"Training Team Mutual Test" is an open algorithm competition game independently developed by CCF. Here, the strongest contestants will become "Jiji Kings," guiding the power of OI, defeating powerful problems, and retrieving lost IOI gold medals.

To become a "Jiji King," you must first defeat "The Xor Master."

"The Xor Master" has challenged you:

In the following, the XOR operator is denoted as $ \oplus $.

"The Xor Master" has a sequence $ a $ of length $ n $ and an initially empty set $ S_0 $.

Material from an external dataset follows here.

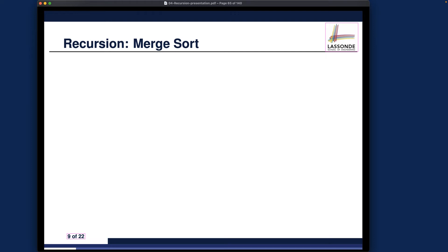Let's now revisit lecture four on recursion. We have three more problems to go over: merge sort, quick sort, and the Tower of Hanoi. Given that we still have three more weeks in the semester, we can cover one problem each week, giving you time to digest the design rationale, the problem, the solution in Java, and the running time analysis.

Define $ \operatorname{xor}(S) $ as the XOR sum of all elements in set $ S $, and $ 0 $ if $ S $ is empty.

Define $ g(x,S)=\max\limits_{T\subseteq S} (x\oplus \operatorname{xor}(T)) $.

Define $ f(l,r)=g(\oplus_{i=l}^{r} a_i, S_0) $, where $ \oplus_{i=l}^{r}a_i $ denotes the XOR sum of $ a_l \sim a_r $.

"The Xor Master" will perform $ Q $ operations or queries:

• 1 x v: XOR $ a_x $ with $ v $.
• 2 x: Add $ x $ to the set $ S_0 $.
• 3 l r: Query the value of $ \sum\limits_{i=l}^r f(l,i) $. Since the answer can be very large, you only need to output the answer modulo $ 2^{64} $.

You are eager to become a "Jiji King," so please quickly answer "The Xor Master's" queries to defeat him!

Input

The first line contains two integers $ n, Q $. The second line contains $ n $ non-negative integers $ a_1 \sim a_n $. The next $ Q $ lines each describe an operation or query, with the format as described in the problem statement.

Output

For each query, output a single integer on a new line representing the answer modulo $ 2^{64} $.

Examples

Input 1

5 5
5 7 1 4 3
3 1 3
1 2 4
3 1 5
2 3
3 1 5

Output 1

10
21
25

Input 2

5 6
0 6 9 8 3
3 2 5
1 3 6
3 2 5
1 4 1
2 3
3 1 5

Output 2

32
18
25

Constraints

• Special Property $ \mathrm{A} $: No type 1 operations exist.
• Special Property $ \mathrm{B} $: No type 2 operations exist.
• Special Property $ \mathrm{C} $: For all queries, it is guaranteed that $ l=1 $.